Wundervölker und Monster sind fester Bestandteil des mittelalterlichen Weltbilds. Wunderliche Menschen, Drachen, Riesen und andere Ungeheuer existieren nicht etwa als Metapher, sondern als „reale“ Lebewesen. Für Augustinus sind Monster keine Ausgeburten des Bösen, sondern Teil der Schöpfung.
Wenn Reiseberichte des Mittelalters also Beschreibungen von Monstern oder wundersamen Menschen und Tieren enthalten, geht es vornehmlich darum, das Unbekannte abzubilden und so die Schöpfung in ihrer Gänze darzustellen. Sie versinnbildlichen einerseits die Erhabenheit der Schöpfung als Ganzes und sind andererseits Ausdruck der Schöpferkraft, also der Kreativität Gottes.
Im Spätmittelalter wandelt sich die Bedeutung der Monster. Sie sind nicht länger Gottes Geschöpfe, sondern mehr und mehr Produkte der menschlichen Vorstellungskraft mit metaphorischer Bedeutung.

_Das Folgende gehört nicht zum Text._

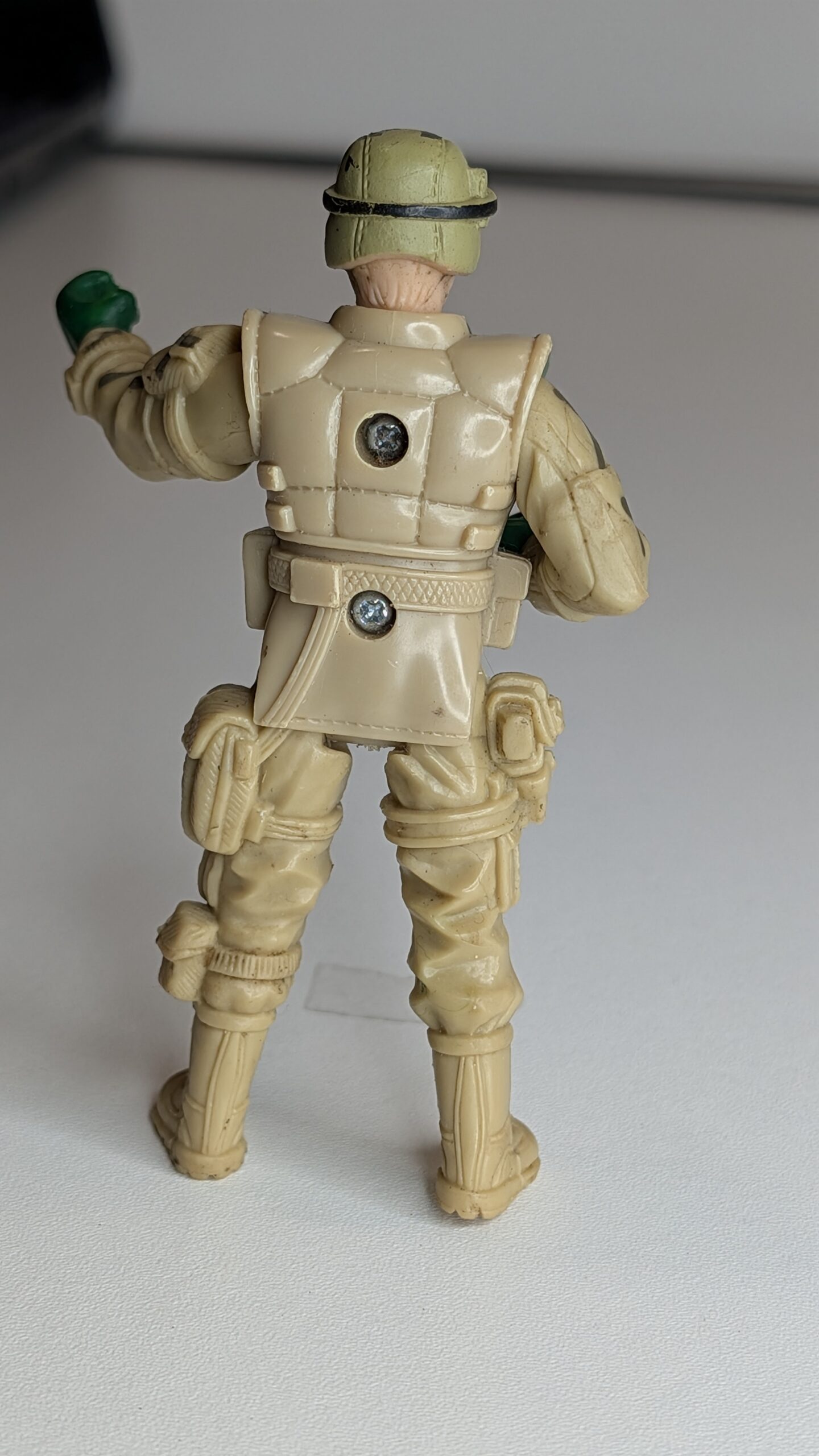 FIGURA SOLDADO DE GUERRA CHAP MEI – 30 GRAMAS – USADO (UK) PREÇO DO FRETE NA DESCRIÇÃO - Imagem 6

Sittenmonster und ungeheuerliche Pathologien
In der Aufklärung und der Renaissance ist das Übernatürliche und Ungeheuerliche nicht länger Teil der realen Welt, sondern wird zunehmend wissenschaftlich erforscht und medizinisch erklärt. Das Monströse verschiebt sich in den Bereich des Pathologischen.

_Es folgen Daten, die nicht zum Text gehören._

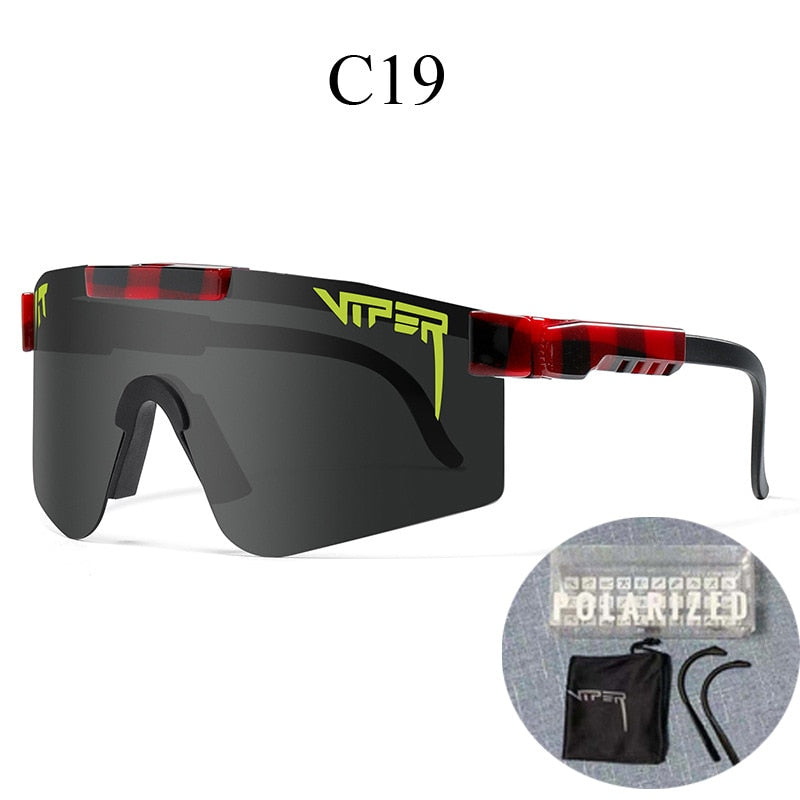 New Polarized Pit Viper Sport Goggles Mens Women Outdoor Sunglasses UV400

Im Übergang vom 18. zum 19. Jahrhundert kommt z. B. der Begriff des Sittenmonsters auf. Der französische Diskurstheoretiker Michel Foucault setzt sich seiner Vorlesung Die Anormalen mit dem Thema auseinander und erklärt: Während das Körpermonster äußerlich durch sichtbare anatomische Abweichungen auffällt, definiert sich das Sittenmonster durch innere Abweichungen und ist als Monster nicht auf den ersten Blick erkennbar. Für die Gesellschaft ist es deshalb umso bedrohlicher.